- Outfielder
- Born: May 3, 1953 (age 73) Palmetto, Florida, U.S.
- Batted: RightThrew: Right

MLB debut
- August 2, 1977, for the Texas Rangers

Last MLB appearance
- October 5, 1980, for the St. Louis Cardinals

MLB statistics
- Batting average: .207
- Home runs: 2
- Runs batted in: 8
- Stats at Baseball Reference

Teams
- Texas Rangers (1977); St. Louis Cardinals (1979–1980);

= Keith Smith (outfielder) =

American baseball player (born 1953)

Keith Lavaughn Smith (born May 3, 1953) is an American former professional baseball outfielder. He played in Major League Baseball (MLB) for the Texas Rangers in 1977 and the St. Louis Cardinals from 1979 to 1980. His minor league career spanned from 1972 to 1981. His brother, Bobby Smith, was also a professional baseball player. All MLB records list him as Keith Lavarne Smith.

Smith was raised in Palmetto, Florida. His childhood home was demolished in order to make way for U.S. Route 19. He initially attended Manatee High School but, when the state attempted to force racial integration via busing, he transferred to Palmetto High School.

Smith bypassed several college football scholarship offers in order to play college baseball at Manatee Junior College. Smith was drafted twice before signing with a major league club. He was initially taken in the seventh round of the 1972 January Draft by the Cardinals out of Manatee, but did not sign. After being drafted in the fourth round of the 1972 June Secondary Draft by the Rangers, he did sign.

On August 2, 1977, Smith made his major league debut at the age of 24. He had five plate appearances in his first game, going hitless in three at-bats with a walk and run scored off of Chicago White Sox pitcher Lerrin LaGrow. Less than two weeks later, on August 12, he hit the first home run of his major league career, also off of LaGrow. Smith played in 23 games in his inaugural big league season, hitting .239 with two home runs and six RBI.

He did not play in the majors in 1978, spending the entire season with the Triple-A Tucson Toros.

On February 12, 1979, he was traded to the Cardinals for pitcher Tommy Toms. He spent most of the season in the minors, hitting .350 in 119 games for the Springfield Cardinals. In a cup of coffee with the big league club that year, he hit .231 in 13 at-bats.Smith appeared in 24 games for the Cardinals in 1980, hitting .129 in 31 at-bats.
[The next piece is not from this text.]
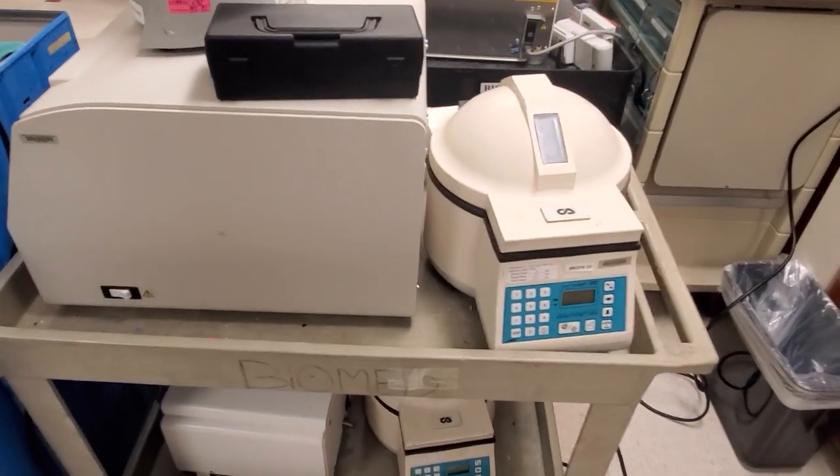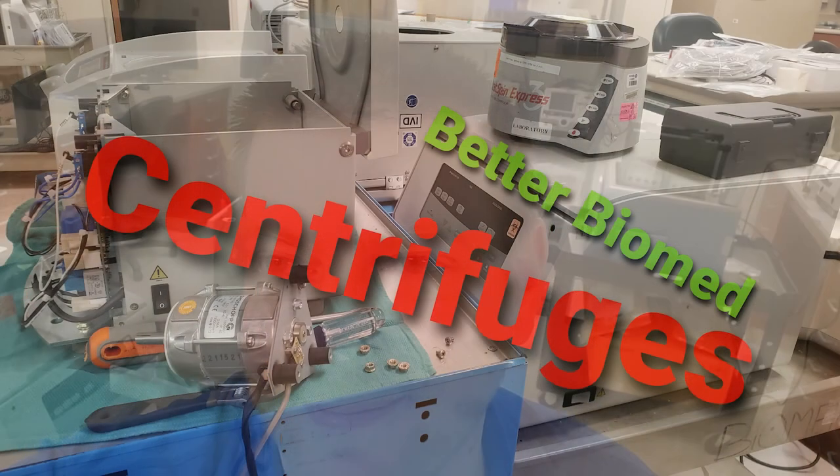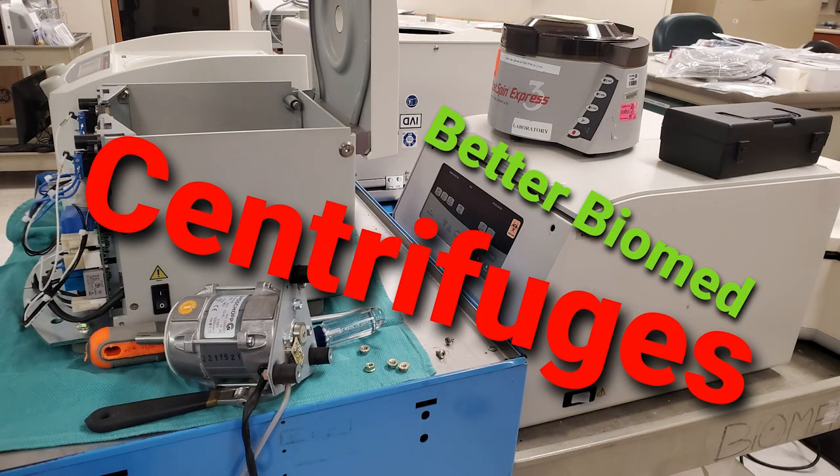Man, I haven't touched centrifuges in years. But because of my very recent reassignment, I am now the centrifuge guy — the laboratory guy. I'm the guy that's going to get them fixed. Thanks for watching, guys — that's centrifuges in a nutshell.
He played his final big league game on October 5. Overall, Smith hit .207 with two home runs and 8 RBI in 53 games during his three-year career. Smith spent spring training with the Chicago White Sox in 1982. At the end of spring, the organization offered him a coaching job. Smith rejected the offer, believing his playing days were not yet done. He instead took a job as a bus driver in Florida to occupy his time while he tried to work his way back onto a baseball roster. He would never play in another professional game.